Open maheydari opened 6 years ago
git clone --recurse-submodules https://github.com/dpryan79/SE-MEI
cd SE-MEI
make
Or something along those lines.
Thanks for your answer I could successfully compile the code. But you have provided htslib folder along with the project which is the older version. I downloaded the latest version of it and compiled and replaced it with your older version. Now Again I want to compile your code and it gives me these types of errors:
/home/mahdi/SE-MEI2/htslib/hfile_libcurl.c:1138: undefined reference to `curl_easy_setopt'
/home/mahdi/SE-MEI2/htslib/hfile_libcurl.c:1124: undefined reference to `curl_multi_init'
/home/mahdi/SE-MEI2/htslib/hfile_libcurl.c:1127: undefined reference to `curl_easy_init'
/home/mahdi/SE-MEI2/htslib/cram/cram_io.c:966: undefined reference to `BZ2_bzBuffToBuffDecompress'
Could you please help me understand what I did wrong probably? Can I laster install hstlib in in the subdirectory but in my home and link it to this program?
Don't download the latest version. This is an old project, it was written for the old htslib version it comes with.

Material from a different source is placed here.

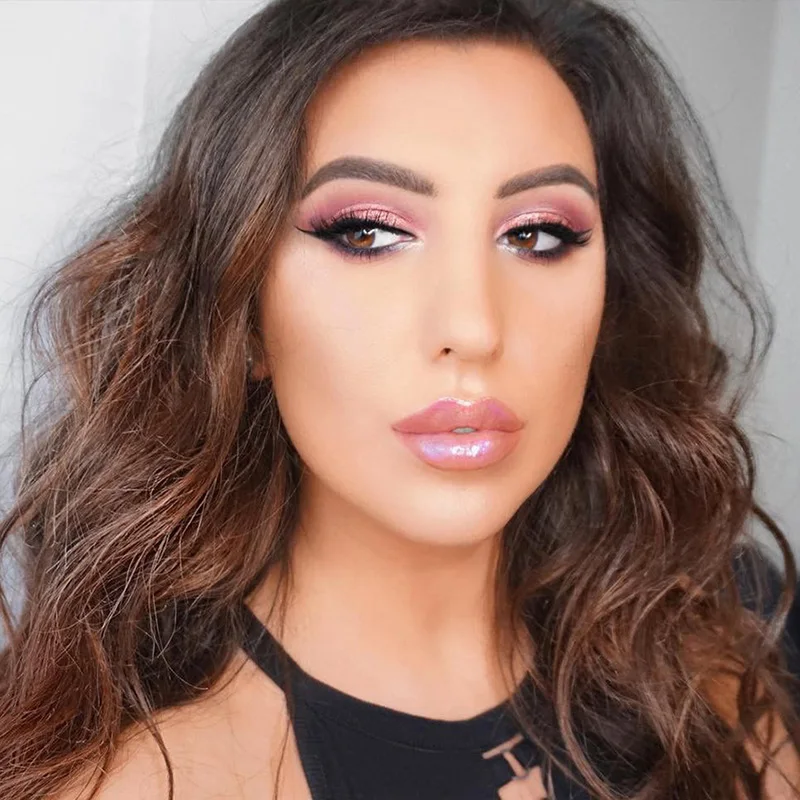 3 мл! Бесплатная доставка! Блестящие жидкость для губ голографическая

Thank you very much. Your comments are always helpful especially in the biostars community. I want to write a very simple code to read a bam file using the latest version of hstlib. I wanted to get some idea from your code to see how can I do that. If you have any idea please let me know.
Ah, well you can get the gist of things from my code. The htslib API hasn't really changed that drastically since I wrote this.

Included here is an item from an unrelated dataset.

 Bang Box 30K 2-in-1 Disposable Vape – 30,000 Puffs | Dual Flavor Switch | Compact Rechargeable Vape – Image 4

Indeed it's very useful. I am looking for a functionality similar to seekg or tellg while reading bam file. I don't want to parse the reads from the beginning, instead, I want to randomly go through it and parse some of them. I couldn't find it in this project, don't you have any similar experience?

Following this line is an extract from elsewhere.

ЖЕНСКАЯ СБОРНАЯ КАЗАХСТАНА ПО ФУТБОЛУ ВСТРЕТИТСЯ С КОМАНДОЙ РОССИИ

You can seek to arbitrary blocks, likely using non-exported functions from htslib, but you can't just say "seek to read 123456", since the files aren't structured in a way to make that practical. I suggest you either use reservoir sampling or read the header and then sample random intervals. The files are structured such that it's quick to get reads overlapping a given interval. We use that methodology in deepTools when we need to randomly sample reads.
I ended up with a solution yesterday which is probably also what you are suggesting to do, Actually, I was looking at this project https://github.com/hasindu2008/simple_bam_parser/blob/master/randomacess.c I only changed the given interval which was based on a string to two int numbers to specify the start and end ( are the start and end , actually the first and the last read in the chunk or i missunderstood? ). Here is my code (not the whole but the related part):
hts_idx_t *idx=NULL;
samFile *in = NULL;
hts_itr_t *iter=NULL;
in = sam_open(argv[1], "r");
idx = sam_index_load(in, argv[1]);
iter = sam_itr_queryi(idx, 0, 10, 100);
b = bam_init1();
while ( sam_itr_next(in, iter, b) >= 0){
cout <<b->core.pos <<endl;
}
Is that correct? and the question is does sam_index_load function loads the whole bam file into memory? I see a sudden jump in memory usage when I call it.
I already appreciate you dedicate your time to answer my random questions.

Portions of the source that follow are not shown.